While many analysts are pessimistic about America’s prospects for solid economic growth over the next few years, trusted financial industry analyst Ron Insana makes a persuasive case that there is no place like home. As Europe deals with the sovereign debt crisis shaking the Euro Zone to its core, China manages looming inflationary worries and the once-hot emerging markets have seemed to cool off, Americans have increased reason to be optimistic that the economy will grow far beyond our current expectations. Insana reads all of the signs—from an industrial renaissance, a domestic energy boom and a born-again consumer to record corporate profits and the hard choices that politicians must make to shore up our overstretched national balance sheet—to help audiences understand how and why the U.S. will outpace the world in terms of growth and finally solve the fiscal and regulatory problems for which the country has been severely criticized. Without ignoring the other global growth stories that will advance the markets in the near future, Insana helps investors, businesses and organizations understand the way forward.
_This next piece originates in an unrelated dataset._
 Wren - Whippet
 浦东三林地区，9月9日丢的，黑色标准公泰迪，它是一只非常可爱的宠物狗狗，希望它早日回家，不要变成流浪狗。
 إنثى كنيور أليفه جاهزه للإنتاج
Politics, Policy and the Economy: What Issues on Capitol Hill Mean for Main Street and Wall Street

Debt and deficit issues, the unemployment picture and reigniting the global economic engine all have the White House, Congress and a frustrated public all focused on the continued uncertainty that faces the economy. President Obama and Congress still face a myriad of complex policy choices. What effect will regulation like Dodd Frank and the Affordable Care Act have on how business operates? Will tax cuts and the increased liquidity help jump-start growth? What does the current state of fiscal and monetary policy say about our long-term prospects for a full recovery? And just how will policymakers decide to spend money as President Obama and Congress work together in the President’s second term? A veteran financial industry analyst, Ron Insana provides clear and coherent analysis that bridges the gap between Capitol Hill and the Federal Reserve, explaining how their actions spill onto both Wall Street and Main Street. In this forward-looking presentation that shows how today’s political and economic headlines will affect your future, Insana shares trusted insights on where we are, where we are going and how the intersection between politics, policy and the economy will get us there.